SUPPLIED MATERIAL:
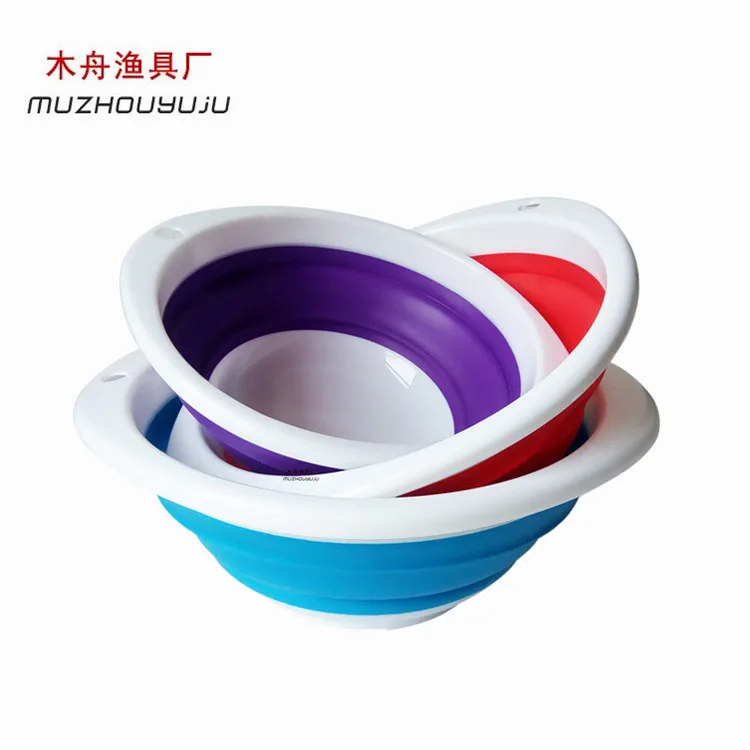 

Folding er liao pen Portable Bait-mixing Pot And Bait Floppy Fishing Bait Box Fishing Bait Pot Bait Pulling Disc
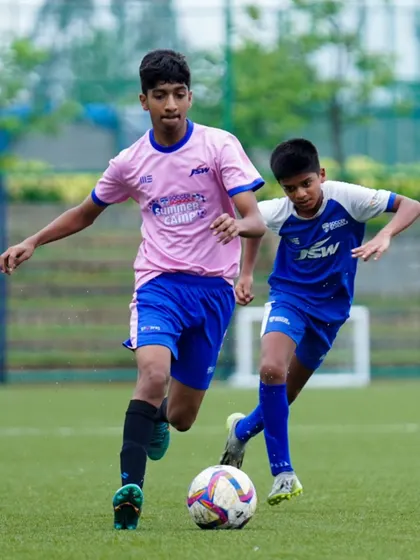 Players from Loyola School, Pune, showcase their skills during a high-performance camp. We welcome teams from across the country to train with us.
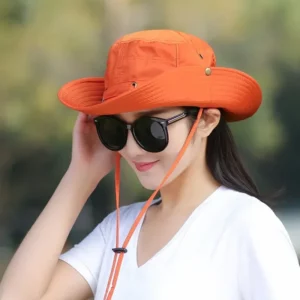 Unisex Summer Sunscreen Wide Brim Bucket Hats Women UV Protection Waterproof Panama Caps Hunting Sun Fisherman Hat for Mens Bob - Image 5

TASK:
In the copy you return, include exactly the lines from the one containing "Players from Loyola" through the final line of the listing, and no pictures.

RESPONSE AREA:
 Players from Loyola School, Pune, showcase their skills during a high-performance camp. We welcome teams from across the country to train with us.
 Unisex Summer Sunscreen Wide Brim Bucket Hats Women UV Protection Waterproof Panama Caps Hunting Sun Fisherman Hat for Mens Bob - Image 5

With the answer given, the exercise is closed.